Try it:
Find the line with "M'sia's oldest elephant, lokimala, dies" in the data below. Repeat it and every line after it exactly, but not the pictures.

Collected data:
-- Opening Marker --

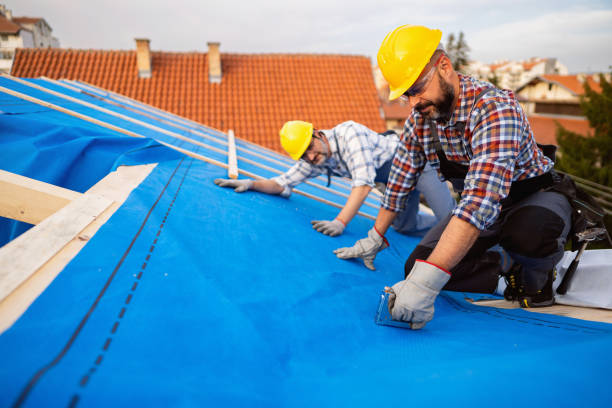 Best Roof Gutter Cleaning  in Pioneer, OH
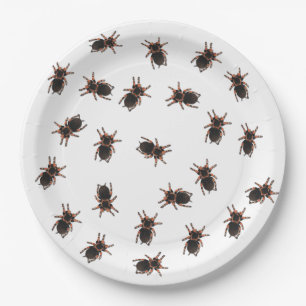 Tarantulas anpassen pappteller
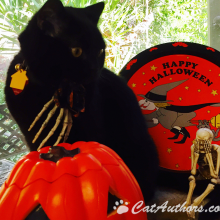 What's on my tail?  Help!!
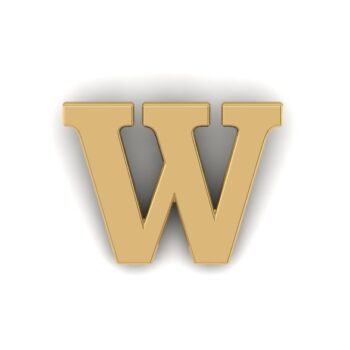 Gold Letter W Pin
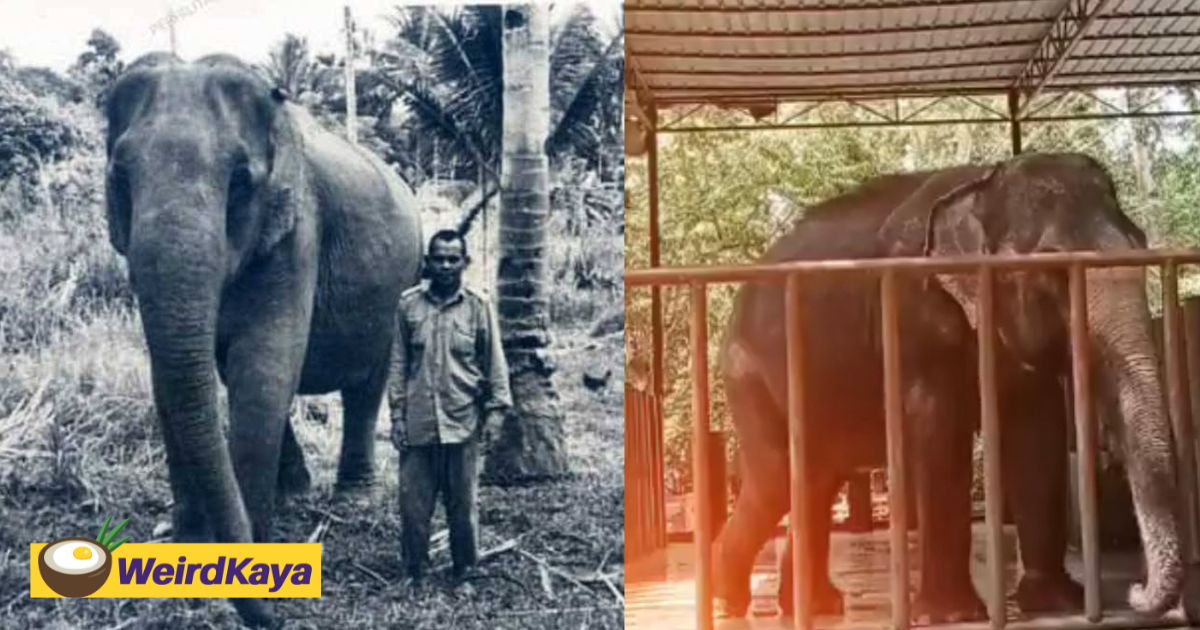 M'sia's oldest elephant, lokimala, dies at the age of 86  | weirdkaya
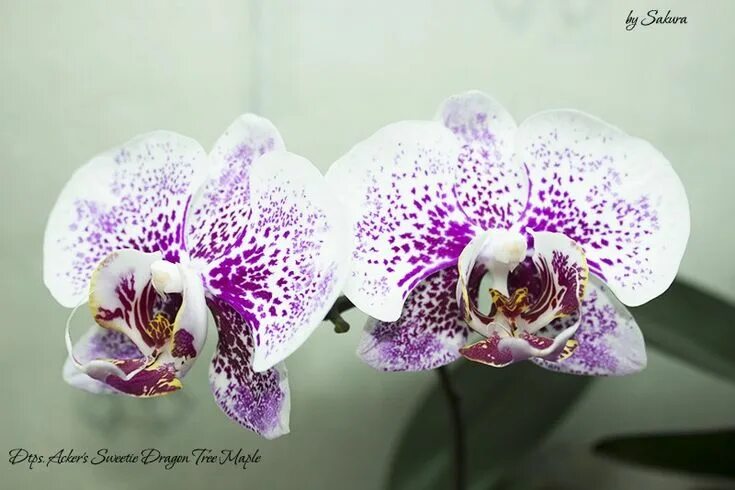h1 ANGEL ORCHIDS PHOTO GALLERY/h1/Phalaenopsis/Phal. Chiada Stacy 'Chocolate Dro
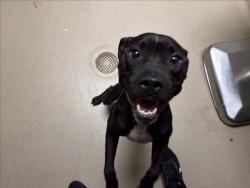 Shelter Stray Male Dog last seen Near BLOCK ATKINS RD, MEBANE NC 27302, 1601 Eubanks Rd, Chapel Hill, NC 27516, USA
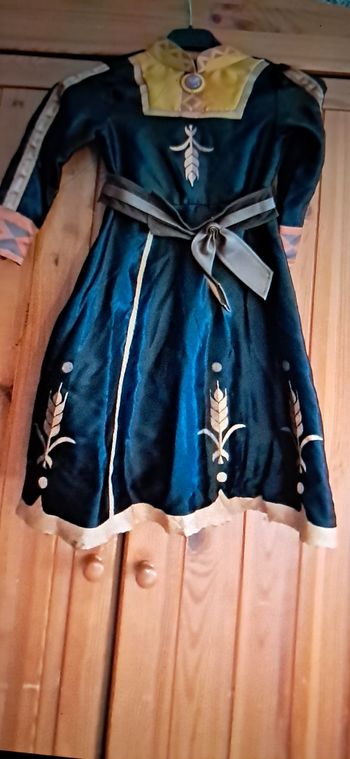 Déguisement reine des neige 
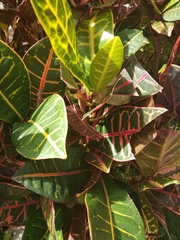 Codiaeum variegatum pictum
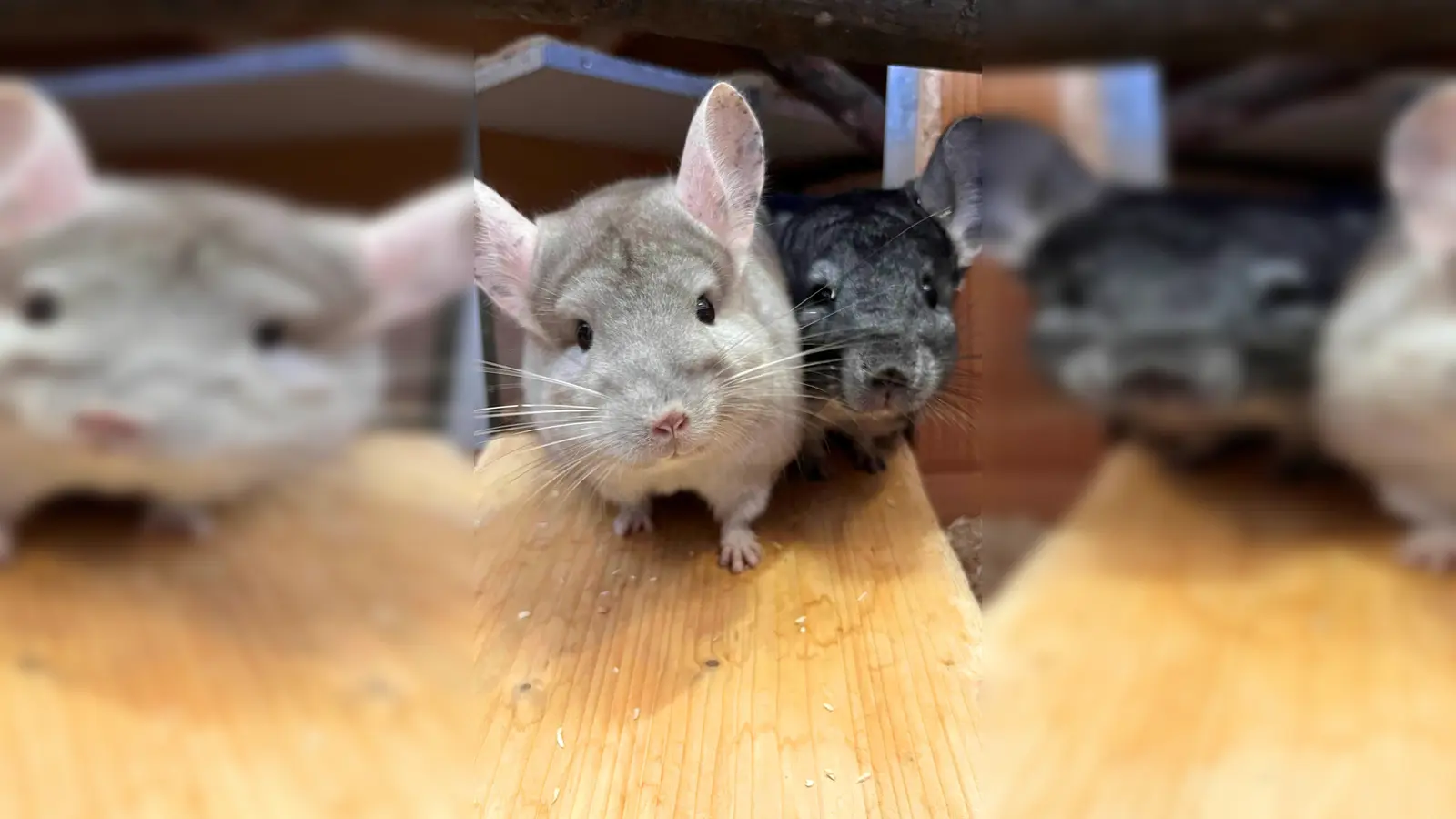 Chinchillas Juna (hell) und Buzz (dunkel) suchen ein neues Zuhause. (Foto: Tierheim Riem)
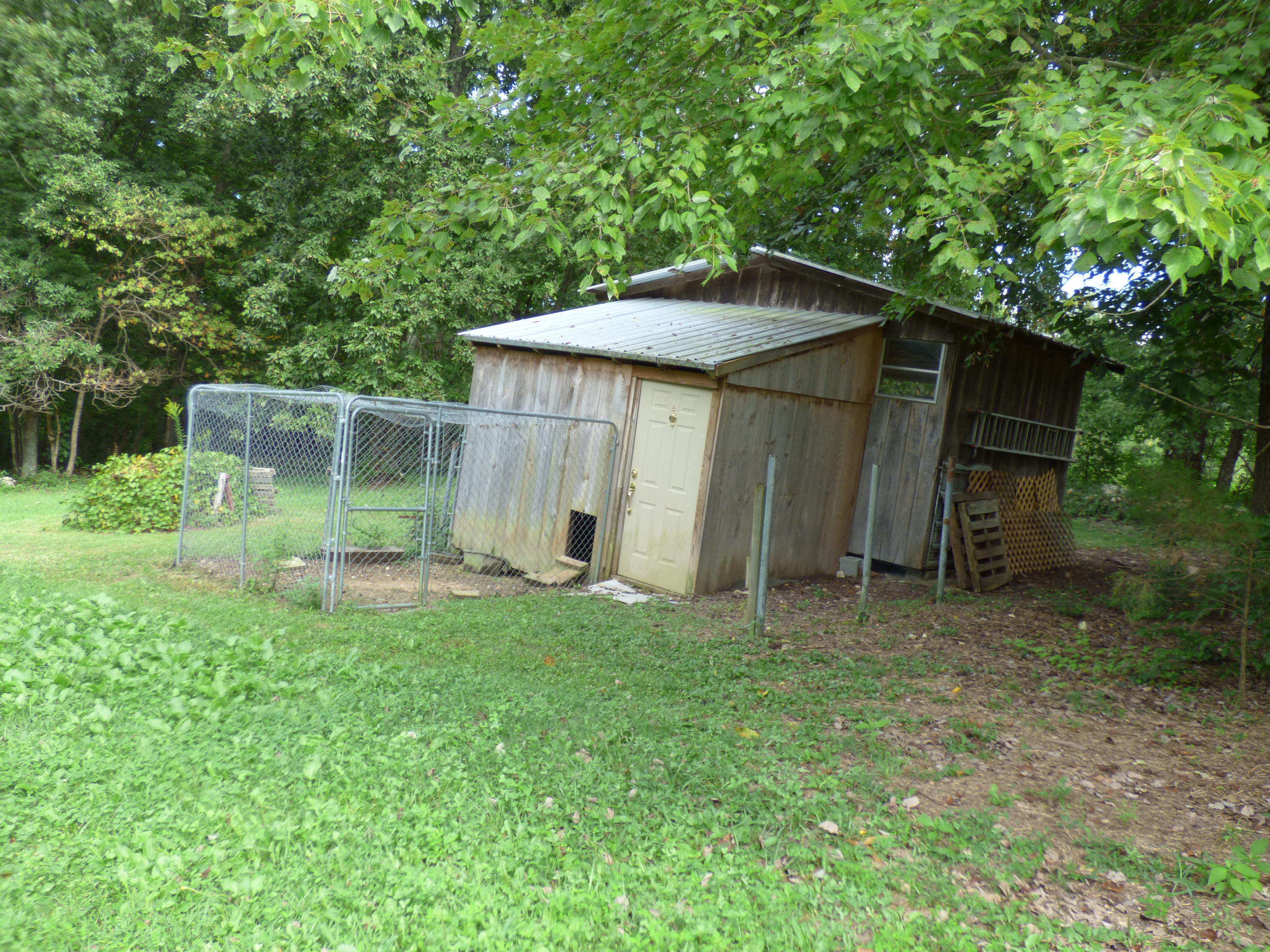 191 Boyer Road Andersonville, TN 37705 - Photo 36 of 39 P1000361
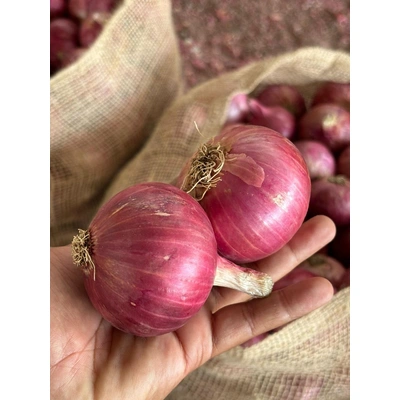 Onions - Premium Quality Fresh Onions from KSK Exim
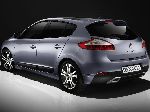 fotografie 28 Auto Renault Megane Hatchback 5-uși (3 generație 2008 2014)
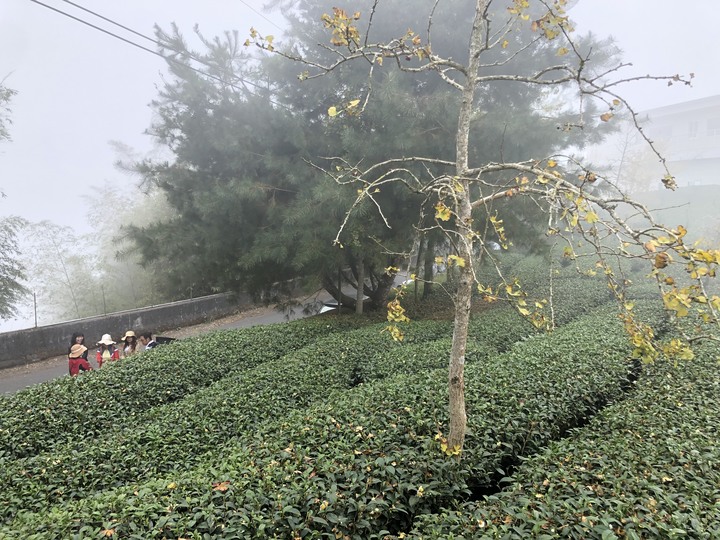 鹿谷大崙山觀景區散步遊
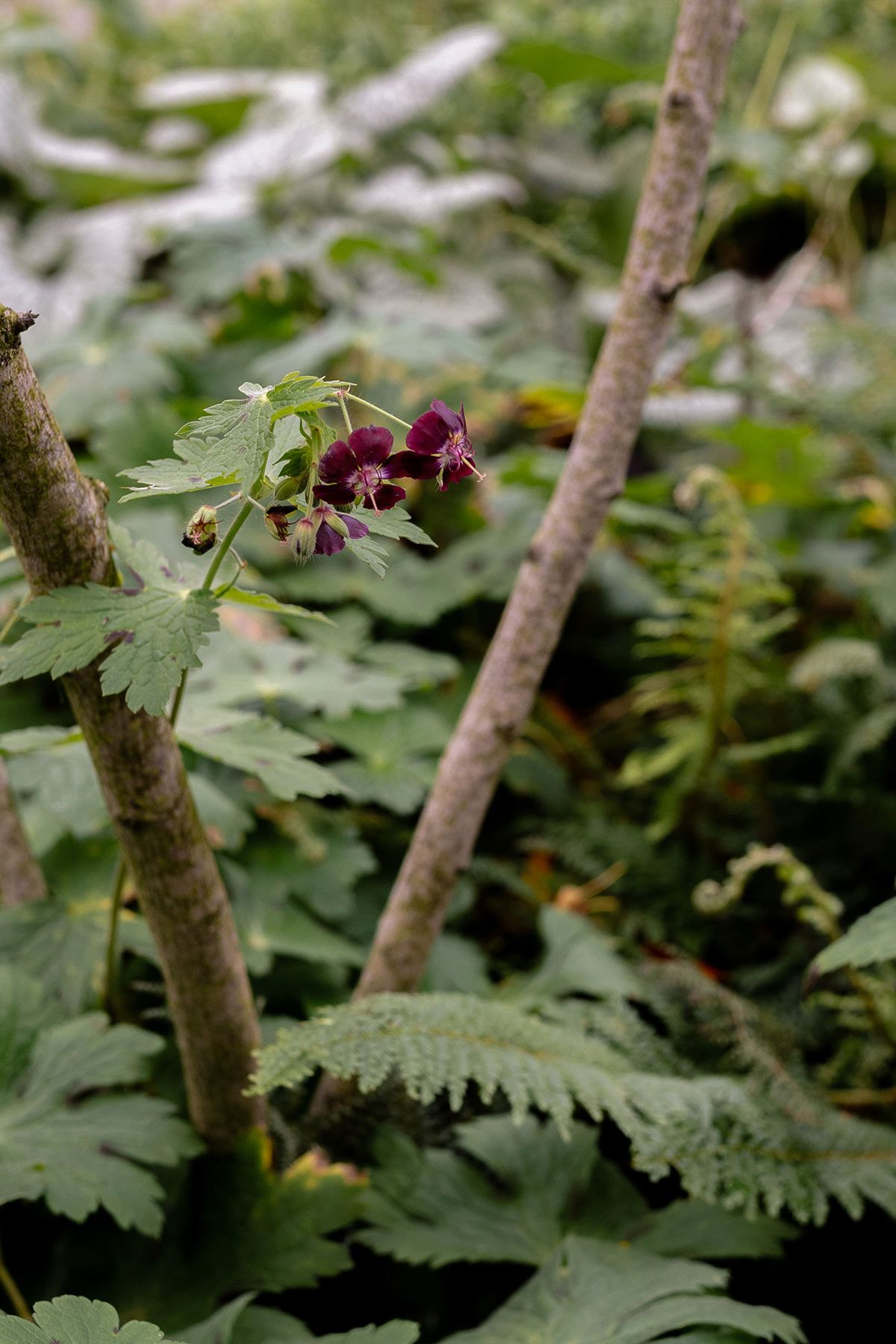 Geranium Phaeum - Tanja van Hoogdalem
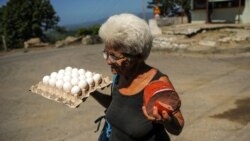 Fidel Castro y el mito de la producción de huevos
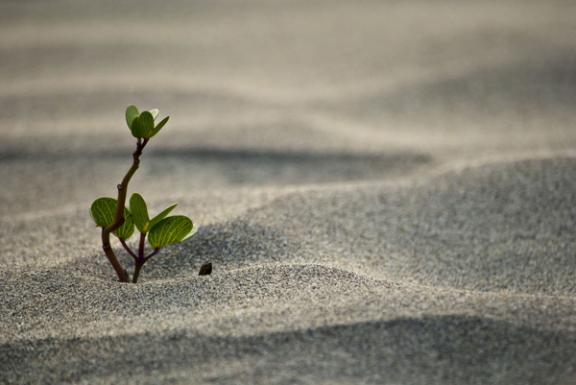 সোনাদিয়া দ্বীপ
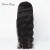 Import Hot Sale 14-28inches 100% Human Hair Lace Wig 150% density 13x4 frontal lace natural black from China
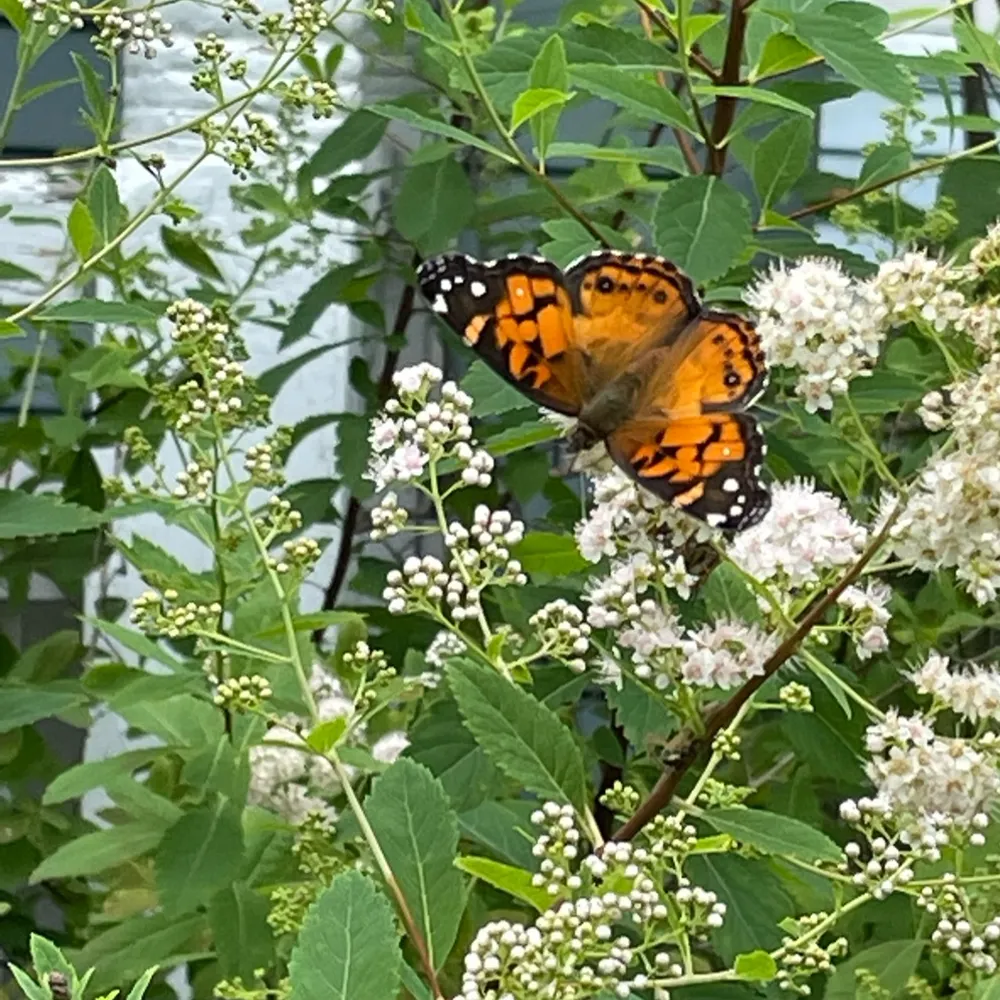 mainegirlagain.bsky.social's profile picture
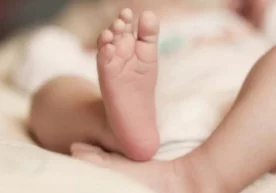 Самарқандда ит янги туғилган чақалоқнинг ҳаётини сақлаб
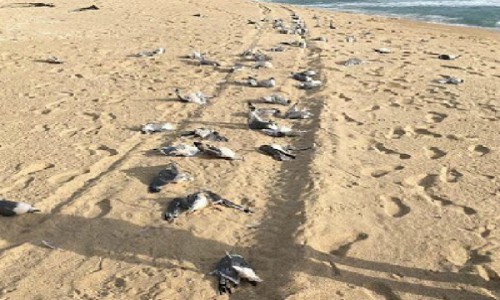 Encuentran muertas a cerca de 200 gaviotas en Algarrobo: se investigan causas del hecho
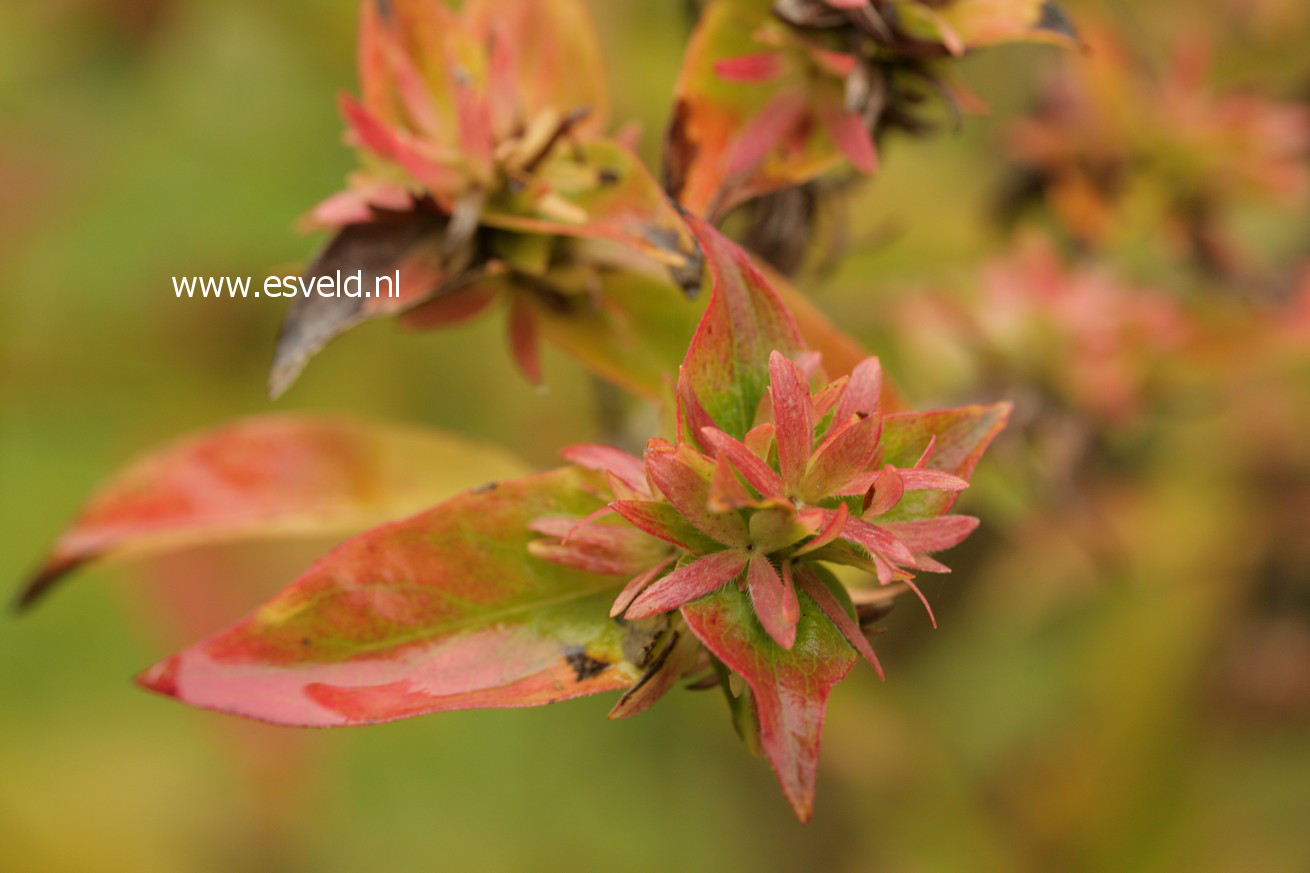 Abelia mosanensis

-- Closing Marker --

Reply:
 M'sia's oldest elephant, lokimala, dies at the age of 86  | weirdkaya
h1 ANGEL ORCHIDS PHOTO GALLERY/h1/Phalaenopsis/Phal. Chiada Stacy 'Chocolate Dro
 Shelter Stray Male Dog last seen Near BLOCK ATKINS RD, MEBANE NC 27302, 1601 Eubanks Rd, Chapel Hill, NC 27516, USA
 Déguisement reine des neige 
 Codiaeum variegatum pictum
 Chinchillas Juna (hell) und Buzz (dunkel) suchen ein neues Zuhause. (Foto: Tierheim Riem)
 191 Boyer Road Andersonville, TN 37705 - Photo 36 of 39 P1000361
 Onions - Premium Quality Fresh Onions from KSK Exim
 fotografie 28 Auto Renault Megane Hatchback 5-uși (3 generație 2008 2014)
 鹿谷大崙山觀景區散步遊
 Geranium Phaeum - Tanja van Hoogdalem
 Fidel Castro y el mito de la producción de huevos
 সোনাদিয়া দ্বীপ
 Import Hot Sale 14-28inches 100% Human Hair Lace Wig 150% density 13x4 frontal lace natural black from China
 mainegirlagain.bsky.social's profile picture
 Самарқандда ит янги туғилган чақалоқнинг ҳаётини сақлаб
 Encuentran muertas a cerca de 200 gaviotas en Algarrobo: se investigan causas del hecho
 Abelia mosanensis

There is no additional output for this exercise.